To find the domain we need to determine which values of $x$ are not valid.

Since the $\sqrt{\text{negative value}}$ is undefined (for Real numbers)

${x}^{2} \left(x - 3\right) \left(x - 4\right) \ge 0$

${x}^{2} \ge 0$ for all $x \in \mathbb{R}$
$\left(x - 3\right) > 0$ for all $x > 3 , \in \mathbb{R}$
$\left(x - 4\right) > 0$ for all $x > 4 , \in \mathbb{R}$

The only combination for which
$\textcolor{w h i t e}{\text{XXX}} {x}^{2} \left(x - 3\right) \left(x - 4\right) < 0$
is when $\left(x - 3\right) > 0$ and $\left(x - 4\right) < 0$

That is the only non-valid values for (Real) $x$ occur when
$\textcolor{w h i t e}{\text{XXX}} x > 3$ and $x < 4$

Oct 2, 2015

$\left(- \infty , 3\right] \cup \left[4 , \infty\right)$

#### Explanation:

The domain is where the radicand (the expression under the square root sign) is non-negative.

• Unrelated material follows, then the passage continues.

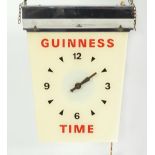 Vintage chrome and glass Guinness Time advertising clock, 44cm high :For Further Condition Reports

We know that ${x}^{2} \ge 0$ for all $x \in \mathbb{R}$.

So in order that ${x}^{2} \left(x - 3\right) \left(x - 4\right) \ge 0$, we must either have ${x}^{2} = 0$ or $\left(x - 3\right) \left(x - 4\right) \ge 0$.

When $x \le 3$, both $\left(x - 3\right) \le 0$ and $\left(x - 4\right) \le 0$, so $\left(x - 3\right) \left(x - 4\right) \ge 0$

When $3 < x < 4$, $\left(x - 3\right) > 0$ and $\left(x - 4\right) < 0$, so $\left(x - 3\right) \left(x - 4\right) < 0$.

When $x \ge 4$, both $\left(x - 3\right) \ge 0$ and $\left(x - 4\right) \ge 0$, so $\left(x - 3\right) \left(x - 4\right) \ge 0$.

So ${x}^{2} \left(x - 3\right) \left(x - 4\right) \ge 0$ when $x \in \left(- \infty , 3\right] \cup \left[4 , \infty\right)$

Note that this domain already includes the point $x = 0$, so the ${x}^{2} = 0$ condition gives us no extra points for the domain.